🤖 AI Summary
To address noise interference caused by user behavior uncertainty in implicit feedback, this paper proposes Personalized Loss Distribution-driven resampling denoising (PLD). Unlike global-threshold methods, PLD is the first to uncover and exploit the separability of user-level loss distributions, constructing a dynamic candidate pool and enabling individualized, loss-distribution-aware weighted resampling to adaptively suppress noisy interactions during training. PLD integrates robust dual-objective optimization—Bayesian Personalized Ranking (BPR) and Binary Cross-Entropy (BCE)—and provides theoretical guarantees on convergence and bias control.
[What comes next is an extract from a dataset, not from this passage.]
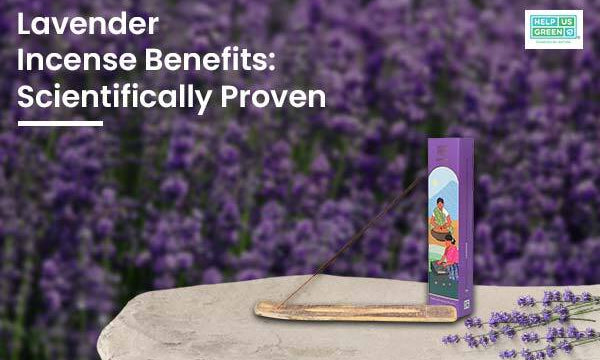 10 Lavender Incense Benefits: Scientifically Proven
Extensive experiments on three benchmark datasets with varying noise levels demonstrate that PLD significantly outperforms state-of-the-art methods in Recall@10 and NDCG@10, exhibiting superior noise robustness and generalization stability.
📝 Abstract
While implicit feedback is foundational to modern recommender systems, factors such as human error, uncertainty, and ambiguity in user behavior inevitably introduce significant noise into this feedback, adversely affecting the accuracy and robustness of recommendations. To address this issue, existing methods typically aim to reduce the training weight of noisy feedback or discard it entirely, based on the observation that noisy interactions often exhibit higher losses in the overall loss distribution. However, we identify two key issues: (1) there is a significant overlap between normal and noisy interactions in the overall loss distribution, and (2) this overlap becomes even more pronounced when transitioning from pointwise loss functions (e.g., BCE loss) to pairwise loss functions (e.g., BPR loss). This overlap leads traditional methods to misclassify noisy interactions as normal, and vice versa. To tackle these challenges, we further investigate the loss overlap and find that for a given user, there is a clear distinction between normal and noisy interactions in the user's personal loss distribution. Based on this insight, we propose a resampling strategy to Denoise using the user's Personal Loss distribution, named PLD, which reduces the probability of noisy interactions being optimized. Specifically, during each optimization iteration, we create a candidate item pool for each user and resample the items from this pool based on the user's personal loss distribution, prioritizing normal interactions. Additionally, we conduct a theoretical analysis to validate PLD's effectiveness and suggest ways to further enhance its performance. Extensive experiments conducted on three datasets with varying noise ratios demonstrate PLD's efficacy and robustness.